Speaker at Pharmaceutics and Novel Drug Delivery Systems 2023 - Ravi P. Sahu
Wright State University, United States
Title : Mechanisms of chemotherapy drug-induced microvesicle particles release


Chemotherapy has remained the mainstay for the treatment of multiple types of cancers. In particular, topical use of chemotherapy has been used for skin cancers. Though effective, topical chemotherapy has been limited due to adverse effects such as local and even systemic toxicities. Our recent studies demonstrated that exposure to pro-oxidative stressors, including therapeutic agents induces the generation of extracellular vesicles known as microvesicle particles (MVP) which are dependent on activation of the Platelet-activating factor-receptor (PAFR), a G-protein coupled receptor present on various cell types, and acid sphingomyelinase (aSMase), an enzyme required for MVP biogenesis. Based upon this premise, we tested the hypothesis of whether topical application of gemcitabine will induce MVP generation in human and murine skin. Our ex vivo studies using human skin explants demonstrate that gemcitabine treatment results in MVP generation in a dose-dependent manner in a process blocked by PAFR antagonist and aSMase inhibitor. Importantly, gemcitabine-induced MVPs carry PAFR agonists. To confirm the mechanisms, we employed PAFR-expressing and deficient (Ptafr-/-) mouse models as well as mice deficient in aSMase enzyme (Spmd1-/-). Similar to the findings using human skin explants, our studies demonstrate that gemcitabine-induced MVP release in WT mice was blunted in Ptafr-/- and Spmd1-/- mice. These findings demonstrate a possible mechanism by which local chemotherapy can generate bioactive components as a bystander effect in a process that is dependent upon the PAFR-aSMase pathway.

Audience Take Away Notes:

  • Despite the fact that chemotherapeutic agents are mostly used systemically, a few of them, including gemcitabine have also been used topically for skin conditions such as skin cancer, actinic keratosis, etc. However, topical chemotherapeutic agents are often associated with side effects such as skin rash, skin necrosis, etc. In this research, we determined the impact of topical gemcitabine-induced effect, in particular, secretion of microvesicle particles (MVP), which carry bioactive components such as PAF lipids. Overall, the audience will learn possible strategies to mitigate topical gemcitabine-induced effects.
  • The knowledge gained via these studies can prepare the audience if they are applying for related research jobs in the pharmaceutical industry.
  • Faculties often get novel ideas from research studies of other participants.
  • Cancer researchers and medical oncologists are exploring novel strategies to overcome the ongoing challenges associated with FDA-approved therapeutic agents. Our studies provide one of the possible approaches that could be used to explore these strategies.

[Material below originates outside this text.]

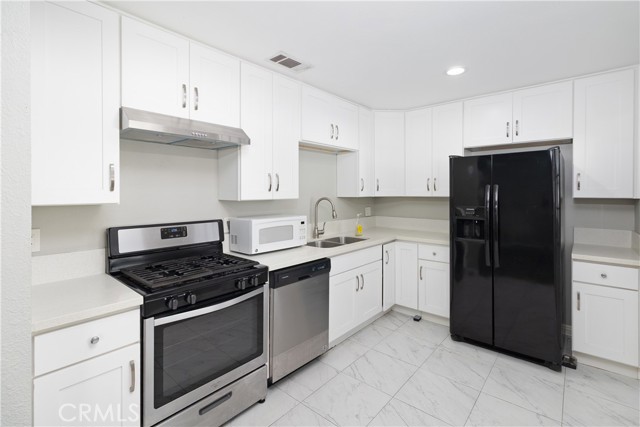 Detail Gallery Image 9 of 29 For 25636 Sun Ave, Loma Linda,  CA 92354 - 4 Beds | 2 Baths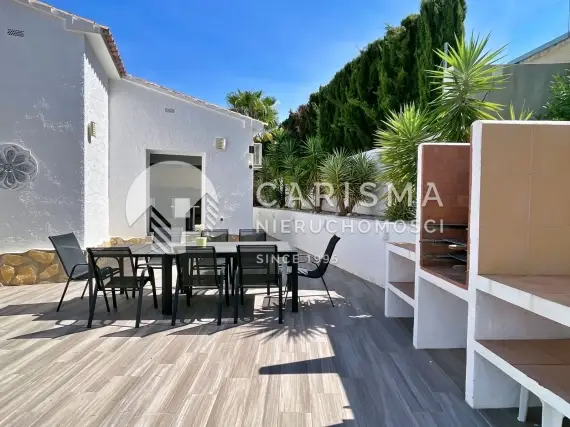 (29) Willa z niezależnym apartamentem gościnnym, basenem i widokiem na Montgó – Moraira, Pinar del Advoca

Dr. Ravi P. Sahu completed his Ph.D. from Sanjay Gandhi Post Graduate Institute of Medical Sciences, India. He then pursued his postdoctoral studies at 3 different US universities, including Indiana University School of Medicine. He is an Assistant Professor in the Department of Pharmacology & Toxicology at Boonshoft School of Medicine, Wright State University in Dayton, Ohio. His lab has been focused on determining the mechanisms by which oxidized lipids and platelet-activating factors (PAF) impact cancer growth and the efficacy of therapeutic agents. He has published over 70 articles and serves as an Editorial Board Member and Reviewer for several scientific journals.